People found in possession of BZP after the six month amnesty ends will face a maximum of three months imprisonment and/or a maximum $500 fine

(The Gangs will be cheering this decision, all the way to the bank. More prohibition – like it will fix anything is handing control to criminal networks with all the contingent downsides. It is political expediency and obsfucation – fix what is really broken. The more dangerous a drug is, the less responsible it is of authority to abrogate control. We should aim to ring fence problems, where they occur, to those who do indulge. /Blair)

Anderton should be embarrassed

June 28, 2007

Anderton should be embarrassed (or commited).

Czar Anderton’s call for a review of the Misuse of Drugs Act purportedly to make manufacture, distribution and consumption of any non-approved chemical (or herb) punishable mocks common sense.

Elevating BZP into an illicit drug rather than improve a legally regulated regime abrogates his own duty ‘of care’. Passing control to criminal networks looses not only controlled manufacture and distribution chains, it entrenches failure. The guy is an idiot, and those who serve under him, including it seems his entire Ministry of Health are afflicted by his moral hysteria.

My letter to TV3 follows

Dear TV3 News Team

I have selected this cut and paste below to highlight our erroneous ABC drug classifications system – it is KEY to understanding why Jim Anderton’s BZP ‘classification’ move is destined to fail.

I have standing on this having researched drug policy now for over thirty years. I have given about 16 select committee presentations even arguing for the Expert Advisory Committee (on) Drugs [MDA amendment #4] as I considered such a mechanism a ‘safe pair of hands’ for evidence based policy development. The Committee was regrettably populated with status-quo thinking, and that is why Jim is ill-advised. Please pass this on to your investigative team. I know that Prof Nutt, Blakemore and others mentioned in this email (and others than I can provide you) would be happy to be interviewed should you and your team wish to explore this crucial issue. NZ’s ABC system only differs from the UK insofar Ecstasy and some other ‘drugs’ we vilify here (P) are treated as Class A. Resolving ‘for once and for all’ requires INFORMED debate. It is time some equity and balance was given to this issue and politicians made to answer “which part of the current classification system is, on evidence, working?”

Some of you at Tv3 may recall that it was I that brought out to New Zealand the retired head of the Met (and Scotland Yard Narcotics) Det. Chief Superintendent Eddie Ellison who presented to the Ministry of Justice and Associate Ministers of Health (including Jim Anderton) and Rotaries all over the North Island. (see http://leap.cc/Speakers/nztour.php )

The Highlights below are mine../Blair

Excerpt from UK Hansard, courtesy of Phil Willis (Harrogate & Knaresborough, Liberal Democrat, and Chair of the Science and Technology Select Commiteee that reviewed the Drug Classification System)

If there is a lack of evidence to support the classification of particular drugs, does the classification system support other planks of Government drugs policy? It seems not. We found, for example, that there is no solid evidence to support the existence of a deterrent effect, the idea being that there will be a deterrent effect if a drug is placed in a higher class. Our conclusion has since been echoed by the UK Drug Policy Commission, which says that the concept of a deterrent effect has “little or no support from the available research”.

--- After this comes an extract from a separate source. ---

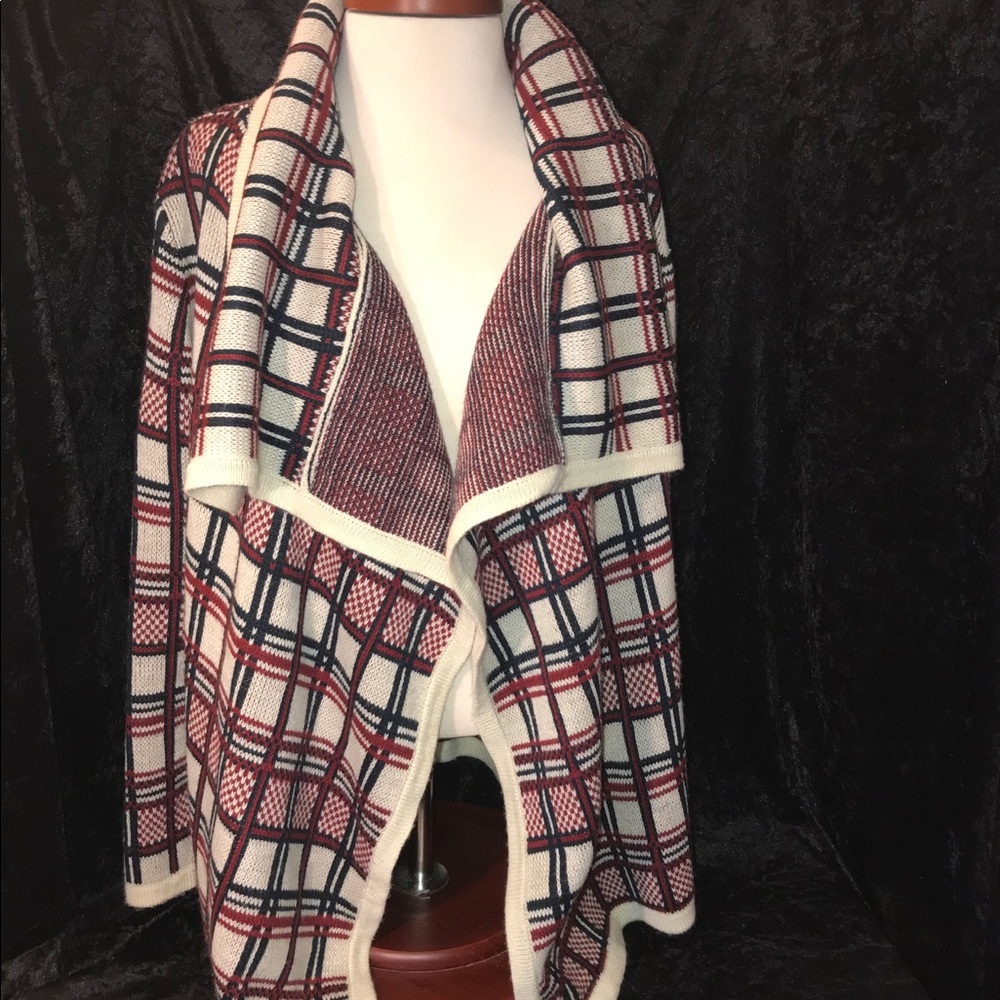 Plaid cardigan sweater size M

To be fair, the Government accepted that there is an absence of conclusive evidence on the deterrent effect and agreed to consider ways in which the evidence base for such an effect could be strengthened. I would like to ask the Minister, first, what steps have been taken to strengthen the evidence base, and secondly, if new evidence were to undermine the principle of the deterrent effect, would that have an impact on the current policy on classification?
Linked to the idea of the deterrent effect is the notion that classification can be used to send out messages. We have a number of concerns about that notion. The purpose of classification should be to categorise a drug according to the comparative harm , be that physical dependence or social, that is associated with its misuse. That does not necessarily sit comfortably with the secondary aim of sending out messages. It must be one or the other.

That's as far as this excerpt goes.